# What needs to be done
Your answer should consist only of the lines below from the one with "[luc] Gothika Necklace" through the one with "Piper LeVine", copied exactly.

[Short web captions]
[Start of Attachment]

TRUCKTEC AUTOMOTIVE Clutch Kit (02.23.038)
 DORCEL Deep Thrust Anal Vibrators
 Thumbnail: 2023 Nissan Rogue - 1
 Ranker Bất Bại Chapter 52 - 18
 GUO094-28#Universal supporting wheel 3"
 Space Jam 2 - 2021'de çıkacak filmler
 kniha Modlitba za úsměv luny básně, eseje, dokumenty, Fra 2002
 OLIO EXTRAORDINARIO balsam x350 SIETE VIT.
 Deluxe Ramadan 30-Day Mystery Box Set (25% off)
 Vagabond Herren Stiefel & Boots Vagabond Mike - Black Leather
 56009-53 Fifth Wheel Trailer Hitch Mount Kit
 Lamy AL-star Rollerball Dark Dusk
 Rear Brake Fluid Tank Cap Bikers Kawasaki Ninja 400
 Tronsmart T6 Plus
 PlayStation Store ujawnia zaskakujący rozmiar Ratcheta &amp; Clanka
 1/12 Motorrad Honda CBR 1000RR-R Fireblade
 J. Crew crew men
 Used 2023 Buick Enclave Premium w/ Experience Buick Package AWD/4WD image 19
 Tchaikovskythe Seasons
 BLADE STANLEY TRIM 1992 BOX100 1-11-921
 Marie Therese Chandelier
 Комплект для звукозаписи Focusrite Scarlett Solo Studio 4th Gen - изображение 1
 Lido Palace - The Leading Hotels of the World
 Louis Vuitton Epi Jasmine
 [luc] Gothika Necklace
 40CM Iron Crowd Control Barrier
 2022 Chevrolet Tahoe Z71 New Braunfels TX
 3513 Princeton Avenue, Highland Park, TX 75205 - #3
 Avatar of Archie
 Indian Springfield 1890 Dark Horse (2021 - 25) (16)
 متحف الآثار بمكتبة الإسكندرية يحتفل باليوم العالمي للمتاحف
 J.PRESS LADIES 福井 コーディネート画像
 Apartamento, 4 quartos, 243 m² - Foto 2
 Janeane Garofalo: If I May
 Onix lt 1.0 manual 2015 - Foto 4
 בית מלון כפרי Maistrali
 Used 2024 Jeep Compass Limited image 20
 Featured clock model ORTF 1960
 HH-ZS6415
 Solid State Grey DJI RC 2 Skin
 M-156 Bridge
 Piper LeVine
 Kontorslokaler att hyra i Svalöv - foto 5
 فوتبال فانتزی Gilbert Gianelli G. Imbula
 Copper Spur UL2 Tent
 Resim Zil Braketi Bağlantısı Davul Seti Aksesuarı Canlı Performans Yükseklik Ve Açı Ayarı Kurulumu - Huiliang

[End of Attachment]

# Written answer
 [luc] Gothika Necklace
 40CM Iron Crowd Control Barrier
 2022 Chevrolet Tahoe Z71 New Braunfels TX
 3513 Princeton Avenue, Highland Park, TX 75205 - #3
 Avatar of Archie
 Indian Springfield 1890 Dark Horse (2021 - 25) (16)
 متحف الآثار بمكتبة الإسكندرية يحتفل باليوم العالمي للمتاحف
 J.PRESS LADIES 福井 コーディネート画像
 Apartamento, 4 quartos, 243 m² - Foto 2
 Janeane Garofalo: If I May
 Onix lt 1.0 manual 2015 - Foto 4
 בית מלון כפרי Maistrali
 Used 2024 Jeep Compass Limited image 20
 Featured clock model ORTF 1960
 HH-ZS6415
 Solid State Grey DJI RC 2 Skin
 M-156 Bridge
 Piper LeVine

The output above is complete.